Laboratory Findings in a Child with High PTH and Bone Pain
In a child with elevated PTH and bone pain, you should expect hypophosphatemia (low phosphate), not hyperphosphatemia. The correct answer is none of the options as stated, but if forced to choose from typical findings: hypocalcemia would be expected if this is secondary hyperparathyroidism (from conditions like rickets or CKD), while hypercalcemia would suggest primary hyperparathyroidism from a parathyroid adenoma.
Understanding the Clinical Context
The key to answering this question is determining whether the elevated PTH represents primary or secondary hyperparathyroidism, as the laboratory patterns differ significantly:
Primary Hyperparathyroidism (PTH-Dependent Hypercalcemia)
In primary hyperparathyroidism caused by parathyroid adenoma:
- Hypercalcemia (elevated or high-normal calcium) is the hallmark finding 1, 2
- Hypophosphatemia or low-normal phosphorus due to PTH-mediated renal phosphate wasting 1, 3
- Elevated or inappropriately normal PTH in the setting of hypercalcemia confirms the diagnosis 1, 3
- Bone pain in children with primary hyperparathyroidism reflects active bone disease and increased bone turnover 4
Secondary Hyperparathyroidism (Compensatory PTH Elevation)

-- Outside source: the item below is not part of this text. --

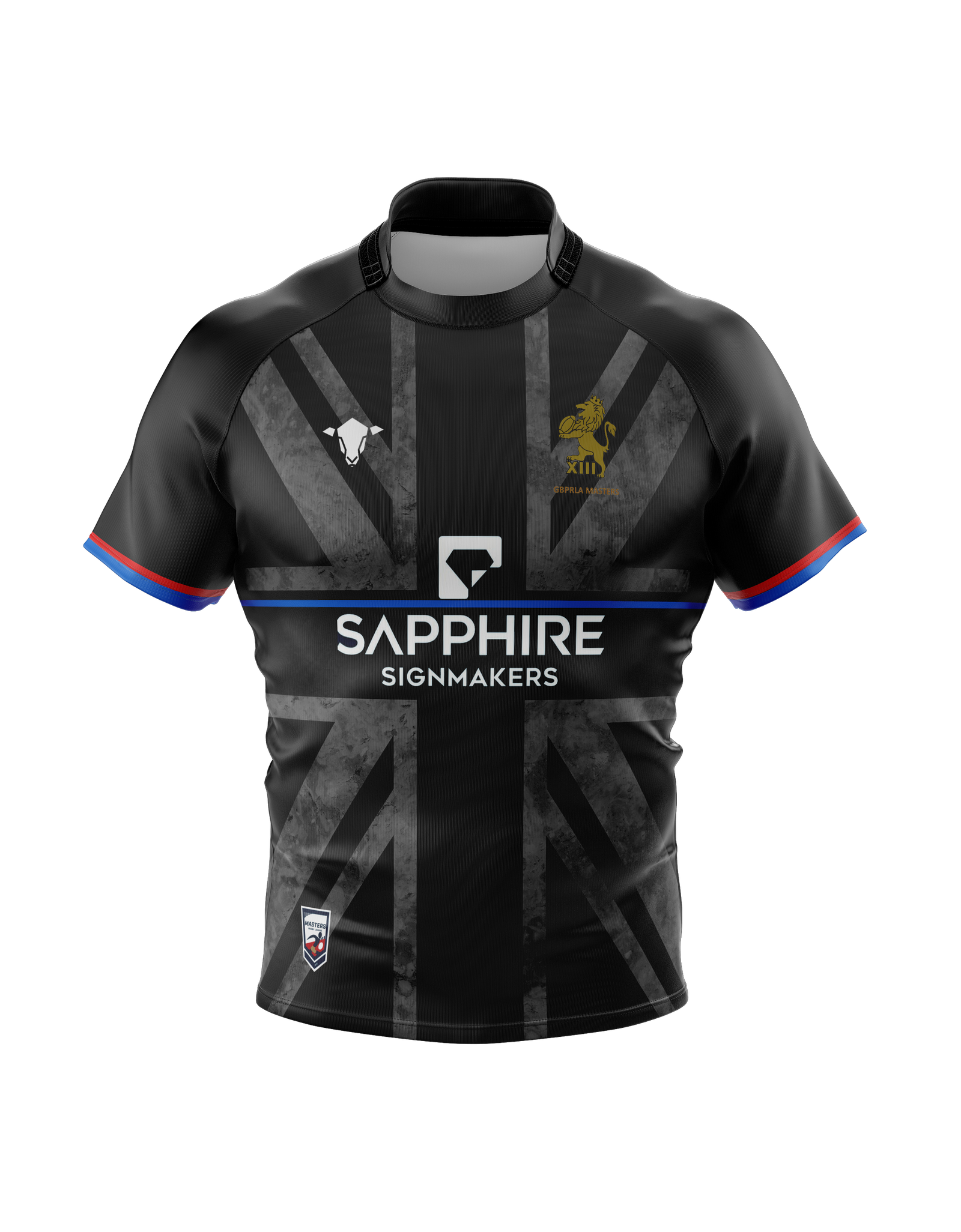 GB Police Masters RL Adult Match Shirt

In secondary hyperparathyroidism from conditions like rickets, vitamin D deficiency, or CKD:
- Hypocalcemia or low-normal calcium drives the compensatory PTH elevation 5
- Hyperphosphatemia may occur, particularly in CKD stages 3-5 5
- Elevated PTH is an appropriate physiologic response to low calcium 5
- Bone pain reflects rickets activity or renal osteodystrophy 5, 6
Expected Laboratory Pattern by PTH Physiology
PTH has three primary actions that determine the laboratory findings 7:
- Increases renal calcium reabsorption (raises serum calcium)
- Increases renal phosphate excretion (lowers serum phosphate)
- Stimulates 1,25-dihydroxyvitamin D production (increases intestinal calcium absorption)
- Mobilizes calcium from bone through increased turnover
Therefore, when PTH is elevated and functioning appropriately:
- Serum calcium should be elevated or rising (unless there's resistance or overwhelming calcium loss)
- Serum phosphate should be LOW due to renal phosphate wasting 1
- This means hyperphosphatemia (option C) would be UNEXPECTED with high PTH unless there is concurrent renal failure
Addressing the Specific Options
Option A: Hypokalemia
- Not a typical feature of hyperparathyroidism
- PTH does not directly regulate potassium homeostasis
- This would not be an expected finding 1
Option B: Hypercalcemia
- Expected in primary hyperparathyroidism from parathyroid adenoma 1, 2, 4
- The distinguishing biochemical feature is high or inappropriately normal PTH with elevated calcium 2
- In pediatric primary hyperparathyroidism, patients present with symptomatic hypercalcemia including bone pain 8, 4
Option C: Hyperphosphatemia
- This is CONTRADICTORY to elevated PTH physiology 1
- PTH causes renal phosphate wasting, leading to hypophosphatemia or low-normal phosphorus 1, 7
- Hyperphosphatemia with elevated PTH suggests CKD with impaired phosphate excretion 5
Option D: Regarding 1,25(OH)₂D
- In primary hyperparathyroidism, 1,25-dihydroxyvitamin D is typically elevated due to PTH-stimulated renal 1α-hydroxylase activity 3
- In secondary hyperparathyroidism from vitamin D deficiency, 1,25(OH)₂D would be low initially 5
Clinical Algorithm for Interpretation
When you encounter a child with high PTH and bone pain, measure simultaneously 1:
- Serum calcium (corrected for albumin)
- Serum phosphorus
- Serum creatinine (to assess renal function)
- 25-hydroxyvitamin D level
Then interpret:
- High calcium + High PTH + Low phosphorus = Primary hyperparathyroidism (likely adenoma) 1, 2
- Low/normal calcium + High PTH + Variable phosphorus = Secondary hyperparathyroidism (rickets, vitamin D deficiency, CKD) 5
- High calcium + High PTH + High phosphorus = Consider CKD with tertiary hyperparathyroidism 8
Critical Pitfall to Avoid
Do not assume hyperphosphatemia is compatible with elevated PTH in the absence of renal failure. PTH physiologically lowers serum phosphate through renal phosphate wasting 1, 7. If both PTH and phosphate are elevated, suspect chronic kidney disease where impaired renal function prevents phosphate excretion despite high PTH 5.